The ‘secret hands’ mentioned by the Muslim Brotherhood have been identified by the ruling Supreme Council of the Armed Forces. A military source has revealed the discovery of a plot by remnants of the former regime to plunge the country into civil war through inciting sectarian tensions. 190 people have been arrested, and the death penalty has been threatened. Among the arrested are Abeer’s husband, and a local Christian café owner. The Copt is accused of firing his gun into the air to disperse gathered Muslims, which set off the protests.

The local governorate has pledged that it will rebuild the church, starting within ten days, in an operation that will take three months and over one million US dollars. Victims will be compensated: approximately $1000 US for those killed and $400 US for the injured. Security is being increased at all churches in the governorate.

Claims exist that the Salafi movement in Egypt is funded by Wahhabi Muslim states from the Gulf. The attacks, however, have been condemned by both Saudi Arabia and the United Arab Emirates.

The Explanation

Fr. Mityas has another explanation. He states Abeer, seven months ago, converted to Islam as she married a Muslim, but then ran away from him and returned to Christianity. The whole Imbaba episode, then, developed from the following lie: A call went to Abeer’s husband by someone from the area, stating Abeer claimed she was being held in the church against her will, asking for help to escape. The attack was planned, Fr. Mityas believed, and had no relation to the Camilia Shehata interview a few hours earlier, in which she, though believed by Salafis to be captive in a monastery, declared publically her Christianity. Some have argued the Imbaba troubles gained steam in spontaneous reaction to her appearance on television. Sheikh Muhammad Zughbi, however, seized on the story of Abeer, went on television, and swore three times to God: I will take the people and we will storm the churches and monasteries.

Fr. Mityas posited the slaughter of Salah and the theft of money from Malak was to make the attack appear perpetrated by thugs, rather than Salafis, who are understood to be pious, however strict. Salafis, he said, have a strategy of playacting. While one will light a fire, another will come behind him and help put it out.

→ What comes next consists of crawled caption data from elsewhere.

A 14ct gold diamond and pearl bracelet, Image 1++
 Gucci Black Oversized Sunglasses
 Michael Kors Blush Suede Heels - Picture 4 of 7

Their strategy, Fr. Mityas stated, was to spread sectarian conflict, but then work after the fact to repair relations. This was seen in the instances of previous conflict blamed on Salafis, such as in Qena, where an appointed Christian governor was refused, and in Atfih, where another church had been burned. In each instance Salafi leaders were sent by authorities to settle the situation and preach tolerance. Their message of tolerance, however, is one of protection: Islam guarantees the sanctity of Christians. The implied message, states Fr. Mityas, is that in a democratic civil state there is chaos.

While not blaming the ruling military council directly, Fr. Mityas states that Salafis have been given room to operate. Criticism is leveled, however, for continuing the policy of balance and ‘reconciliation’ conducted by Sadat and Mubarak. If a Muslim is arrested, a corresponding Christian must be arrested. Ultimately, justice is given to none when religious leaders are assembled to pronounce reconciliation, and culprits are released. Indeed, states Fr. Mityas, of the 190 individuals arrested in Imbaba, several were Christians who were taken out of their homes, having never been anywhere near the church. He was, however, was unaware of the total number of Christians taken into custody. Yet he asks, ‘Where is the spirit of 25 January? Where is the rule of law?’

Unfortunately, Arab West Report was unable to visit any Muslim sources during the visit to Imbaba.

The Religious Response

Fr. Mityas insisted that as Christians, Copts should never carry weapons except in the army when called upon to defend their country. ‘We never encourage anyone to violence; we have a religion of love.’

Yet Fr. Mityas also spoke that many people will spiritualize the message of Jesus to his disciples, in which he exhorted them to sell their cloak and buy a sword in Luke 22. Though he later commanded the sword to be left in its place, the principle put forward is that Christians should not allow themselves to be seen as weak. Instead, their enemies must view them as strong. ‘He must know you have a sword, while he also knows you will not use it against him.’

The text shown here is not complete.